When it comes to managing employees, it can be tempting to watch your workers like a hawk. However, new research shows that granting a degree of autonomy to your employees tends to boost their job satisfaction and overall sense of well-being.
Researchers at the University of Birmingham Business School found that workers given more autonomy – in the form of work from home privileges or the pace of work and deadlines – were far more likely to report feeling valued by their employers.
"Greater levels of control over work tasks and schedule have the potential to generate significant benefits for the employee," Daniel Wheatley, senior lecturer in business and labour economics at the Birmingham Business School, said in a statement. "The positive effects associated with informal flexibility and working at home offer further support to the suggestion that schedule control is highly valued and important to employees 'enjoying' work."
When it comes to autonomy, the disparity between management and worker is apparent: 90 percent of those employees working in management reported "some" or "a lot" of autonomy in the workplace, while just 40 to 50 percent of non-management professionals surveyed reported experiencing autonomous working conditions. The remaining half of employees reported no autonomy in their workplace, researchers found.
Autonomy also comes in different shapes and sizes for different employees. The study found, for example, that men and women tend to enjoy different aspects of autonomy and were affected by it in different ways.

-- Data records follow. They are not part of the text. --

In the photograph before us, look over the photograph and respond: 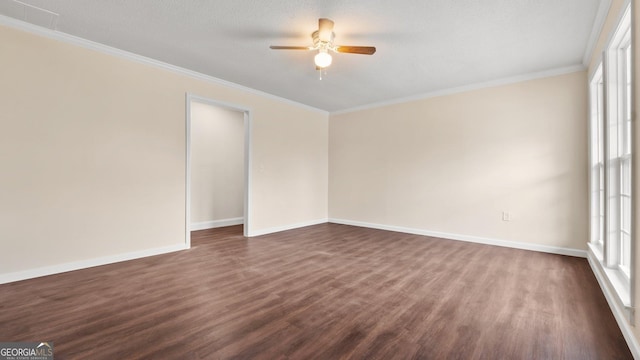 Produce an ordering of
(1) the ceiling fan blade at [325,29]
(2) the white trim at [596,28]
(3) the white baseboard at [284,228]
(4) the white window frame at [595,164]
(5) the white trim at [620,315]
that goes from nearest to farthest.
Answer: (5) the white trim at [620,315] < (2) the white trim at [596,28] < (1) the ceiling fan blade at [325,29] < (4) the white window frame at [595,164] < (3) the white baseboard at [284,228]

For women, Wheatley said, the type of work and level of control over scheduling and location was often more important, while men typically found control over job tasks, the pace of work, and the order of task completion to be particularly important.
Despite the benefits reported by those employees that experience greater autonomy in the workplace, researchers also found that managers tend to be skeptical of extending more autonomy to the workers they oversee. Researchers hypothesize that the reluctance on the part of managers stems from a desire to keep productivity levels high, and the stigma that greater autonomy might undermine their role of "control and effort extraction" from employees.